### [EXERCISE DESCRIPTION]
Repeat the listing exactly. The images do not belong in the copy.

### [INPUT DATA]

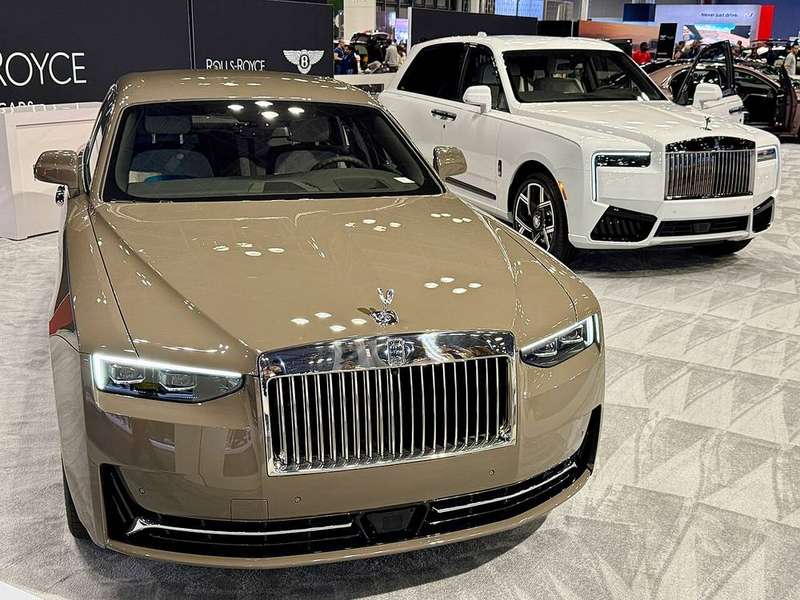 Ghost Series II Exterior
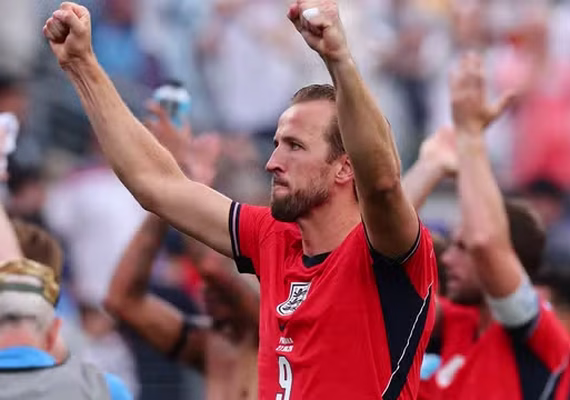 Inglaterra vence Panamá em jogo com recorde de Kane e avança como líder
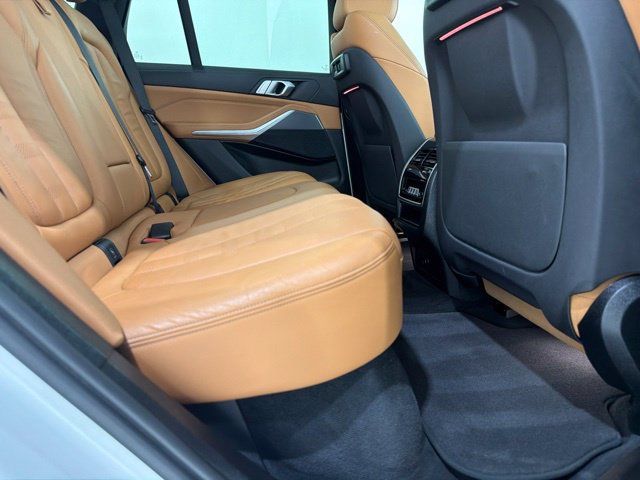Used 2019 BMW X5 xDrive40i w/ Premium Package 2 AWD/4WD image 44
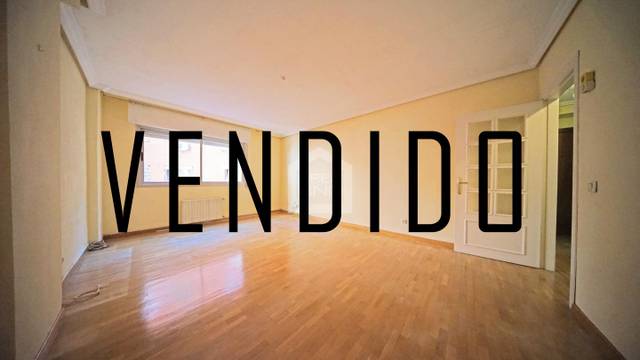 Piso en Venta en Palomeras Bajas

### [ANSWER SPACE]
 Ghost Series II Exterior
 Inglaterra vence Panamá em jogo com recorde de Kane e avança como líder
Used 2019 BMW X5 xDrive40i w/ Premium Package 2 AWD/4WD image 44
 Piso en Venta en Palomeras Bajas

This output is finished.